Alternative Heilmethoden kategorisch niederzumachen, weil ihre Wirkung nicht von merkbefreiten Wissenschaftlern nachgewiesen werden kann, paßt zu Leuten, denen das Wort Eigenverantwortlichkeit in Bezug auf Gesundheit ein Gräuel oder gar fremd ist. Aber der selbstbestimmte Patient ist ja eh der Antichrist, vor allem, wenn er davon ausgeht, daß es mehr zwischen Himmel und Erde gibt, als wir uns träumen lassen.
Es ist natürlich Vorsicht geboten, wenn jemand sich außerhalb seines Fachgebietes mit wissenschaftlichem Anspruch zu Themen äußert. Das gilt auch, wenn sich ein Psychologe fachfremde medizinische Themen kommentiert. Zweifellos ist ein medizinisches Studium in der Lage einiges an Fachkompetenz zu vermitteln. Die große Zahl von ärztlichen Kunstfehlern zeigt jedoch, dass das kein hinreichendes Kriterium ist. Jeder Arzt, der behauptet, dass die Schulmedizin alles erklären und alles heilen kann, ist selbst ein Fall für den Psychiater.
@morgen-morgen: Sie schreiben:
"Nach 32+ Artikeln & Kommentaren ist Herr Goldner keinen Zentimeter von seiner Ausgangsposition gewichen. "
Noch nicht mal einen Millimeter, und das ist auch richtig so.
Oder würden Sie von einem Astronomen erwarten, dass er plötzlich ein astrologisches Horoskop für brauchbar hält?

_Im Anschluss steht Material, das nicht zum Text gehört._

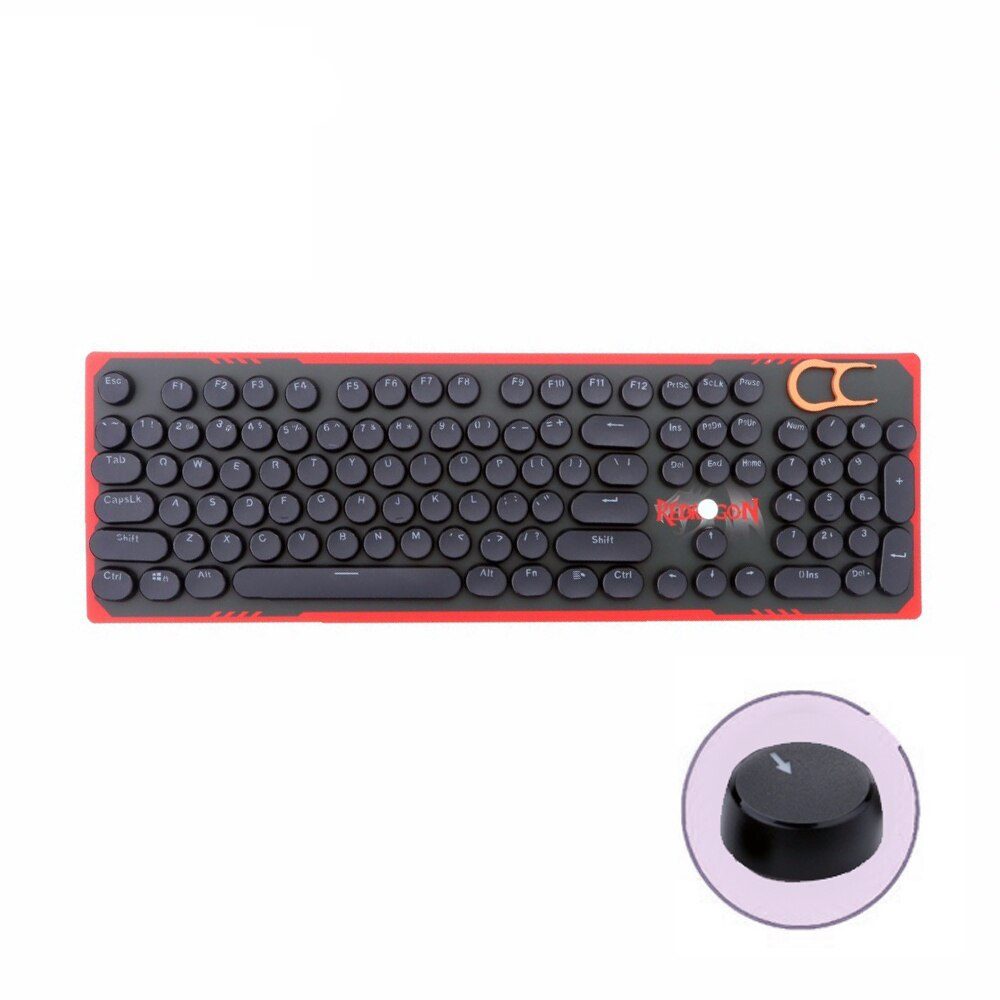 Redragon A106 104 Keycaps Black Vintage Style Steampunk Typewriter Retro Keys Set for Mechanical Gaming Keyboard US Layout-0 Redragon A106 104 Keycaps Black Vintage Style Steampunk Typewriter Retro Keys Set for Mechanical Gaming Keyboard US Layout 0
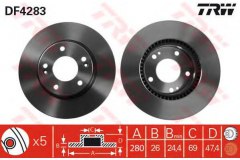 Диск тормозной вентилируемый для HYUNDAI NF V (NF) 2.0 CRDi 2006-2010, код двигателя D4EA, V см3 1991, кВт 103, л.с. 140, Дизель, TRW/Lucas DF4283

Was ich mir in der Serie Goldners gewünscht hätte, wäre ein psychologischer Exkurs gewesen in die Frage, wie es kommt, dass so viele Menschen in Hinblick auf ihre eigene Gesundheit den größten Unfug für bare Münze nehmen und an die Heilwirksamkeit völlig wirkungsloser Zuckerkügelchen oder gegurgelten Eigenurins glauben.